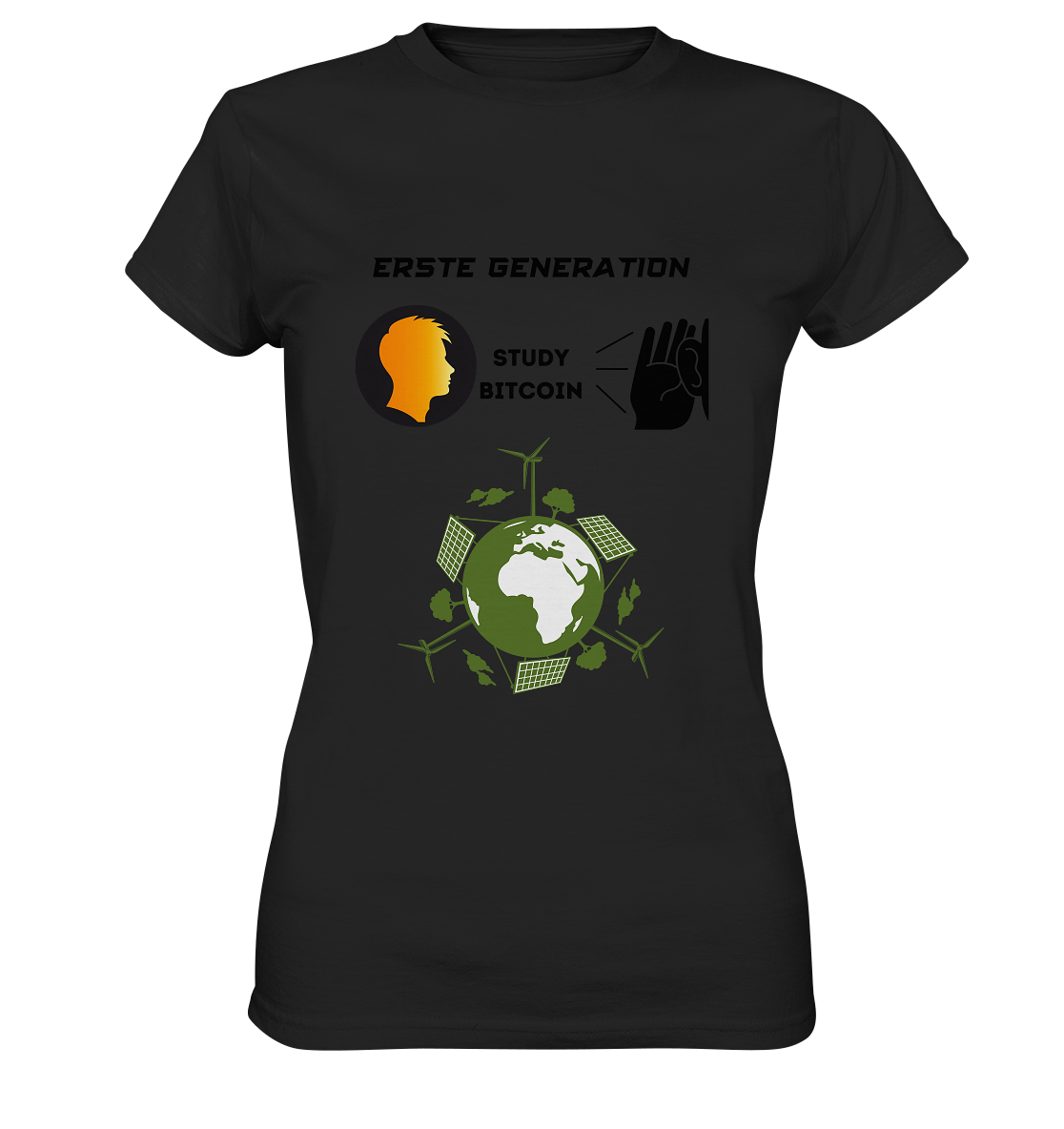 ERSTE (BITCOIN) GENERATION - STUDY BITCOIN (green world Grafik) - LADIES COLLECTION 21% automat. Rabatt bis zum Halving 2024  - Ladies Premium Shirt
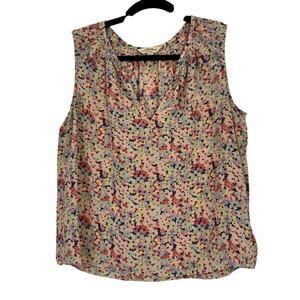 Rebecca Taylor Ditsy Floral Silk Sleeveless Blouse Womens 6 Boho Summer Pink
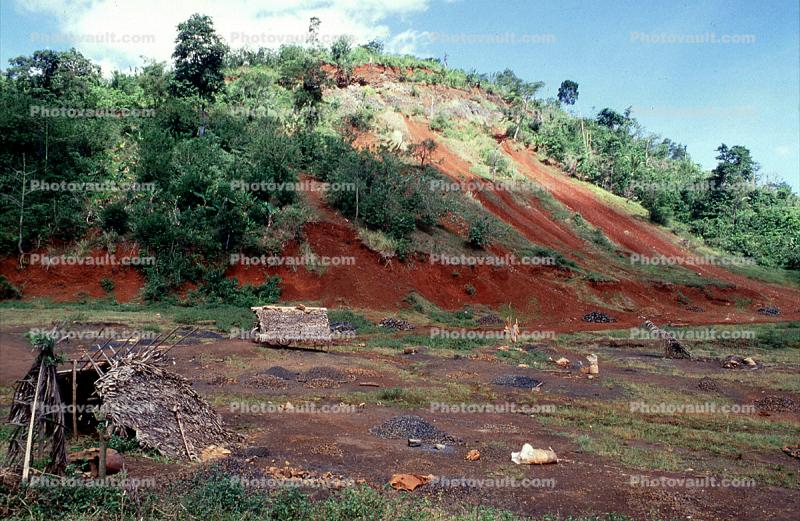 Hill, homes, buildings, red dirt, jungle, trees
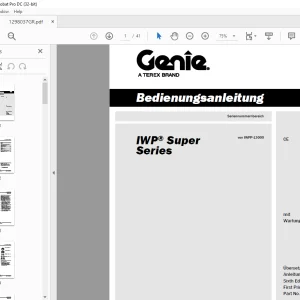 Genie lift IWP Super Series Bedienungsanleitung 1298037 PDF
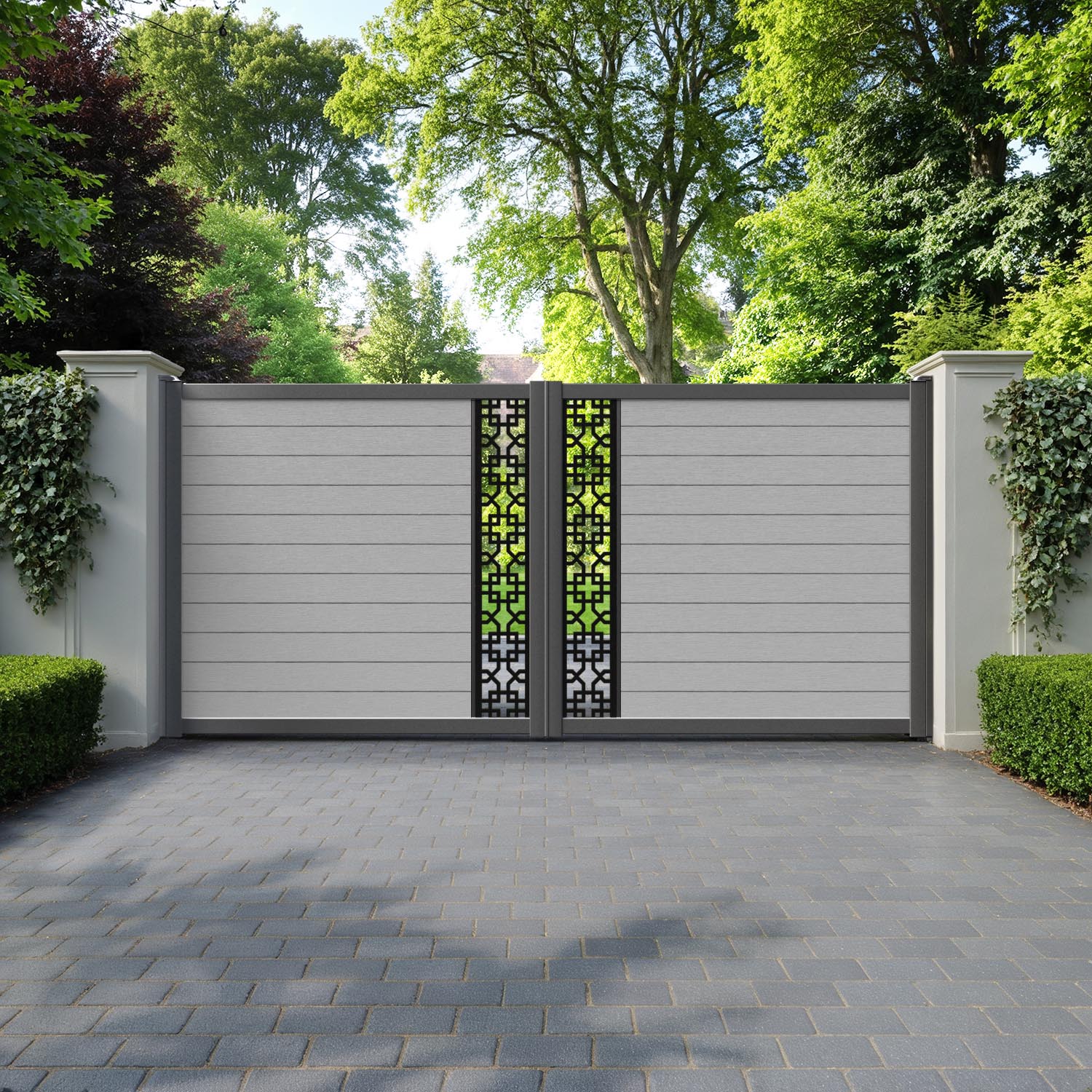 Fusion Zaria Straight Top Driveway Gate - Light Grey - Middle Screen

■ Task instructions ■
The answer consists solely of the lines from the one holding "Rebecca Taylor Ditsy" through the last line of the entries above, set down verbatim, without any pictures.

■ Written answer ■
 Rebecca Taylor Ditsy Floral Silk Sleeveless Blouse Womens 6 Boho Summer Pink
 Hill, homes, buildings, red dirt, jungle, trees
 Genie lift IWP Super Series Bedienungsanleitung 1298037 PDF
 Fusion Zaria Straight Top Driveway Gate - Light Grey - Middle Screen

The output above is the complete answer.